Well, it really wasn’t like that at all.


I’d been online dating for 3 years on and off. Mostly off. I’d go through bouts of “I don’t need anyone,” to “I’m married to myself,” to “Where the heck is he already?!” Finally, I went on the first date with my now husband, David. I was 40 minutes late and he was 20 minutes early. He’s not usually early and I’m rarely late. I was a nervous wreck. We both were, actually. As a result, we had 2 shots of tequila to begin our meeting. We talked unceasingly. And, there was chemistry… for sure. It wasn’t just because of the tequila, it was us. Things were going well. But he was married previously. He filed for divorce, but she wouldn’t sign the papers. Unbelievable. Normally, as a relationship coach I’d say, “Run! Run very fast and very far away!” But, David did quickly handle this issue, and he was free.


I’ve heard clients talk about the variations of “perfect” that they need in a partner. And while it’s good to have a list of what you’d like to create for a viable relationship, it’s more important to be wise to the imperfections of life while you’re forming this vision.


“I’m looking for a man in finance, trust fund, 6’ 5”, blue eyes.” Good luck, girl. Let’s get real.


But, I get it. There are qualities that we want in another human being if we’re interested in living with someone for a lifetime. However, there’s more to it than a list.


I had ideals with dating. Most of us do. My intention was to play it cool and not let on that I was falling for this man, David. Needless to say that completely fell apart.


We still used answering machine’s back then when I decided to leave him a message confirming that he could come over later that day. When I left the message before hanging up I said, “Alright, so I’ll see you later. Love you!”


Cringe! Why did I just say that? I started fumbling with my words before the machine could cut me off. “Uh, that’s not what I meant. I didn’t mean ‘love’. I meant, ya know… well, alright. Never mind, bye!!” Dang, I just fell into a word hole. Anyway, we laughed about it that evening and still laugh about it today, 18 years later. We were in love.

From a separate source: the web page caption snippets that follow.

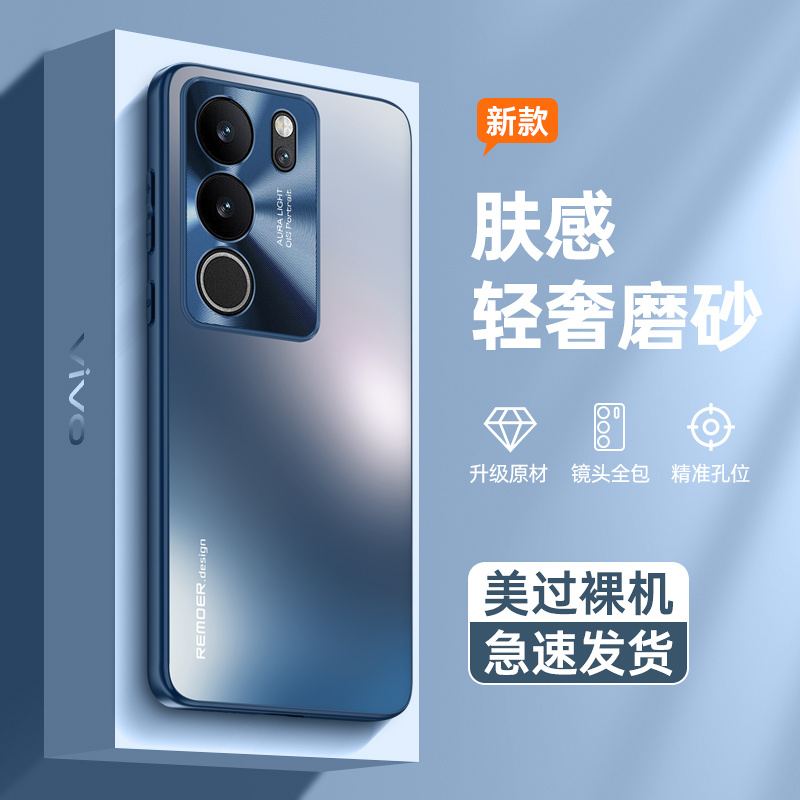 vivos17手机壳高级感全包边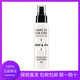 Makeupforever玫珂菲 保湿MUF定妆喷雾保湿水 100ml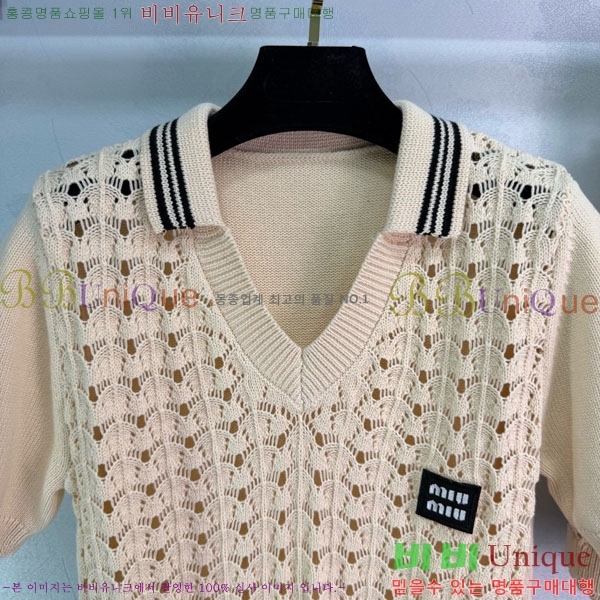 ���� �̿�̿� ��Ʈ MIU23130-4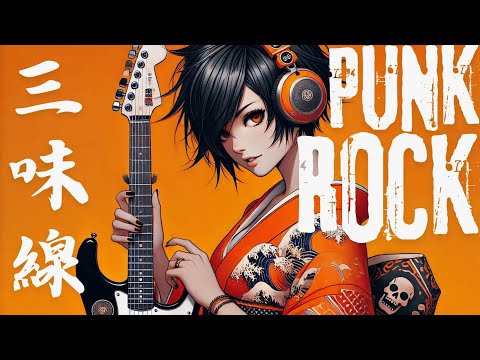 【Shamisen × Rock × Punk】A Bold Fusion of Tradition, Power, and Punk Spirit! 🔥🎸🌸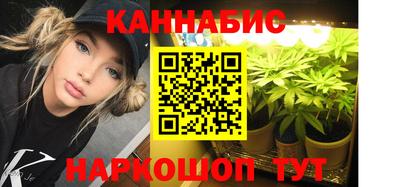 меф Котовск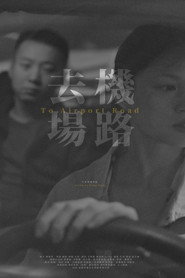 去机场路 封面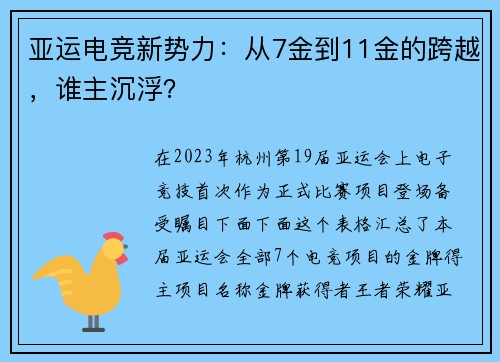 亚运电竞新势力：从7金到11金的跨越，谁主沉浮？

In about a year, I was ready to move in together. Isn’t that the way things are supposed to go if you’re serious about someone? Well, he was serious and I was serious, but he was not ready to move in together.


(Remember he was married previously and it didn’t go well. Folks need time to rebalance after divorce.)


Regardless, I like to move with alacrity! (sigh) Okay, fine. I will wait.


We did move in together after 3 years. But, isn’t 3 years when a couple gets married if they’re serious? We were only moving in together. Ugh!


While we were moving at different speeds, we were on the same journey.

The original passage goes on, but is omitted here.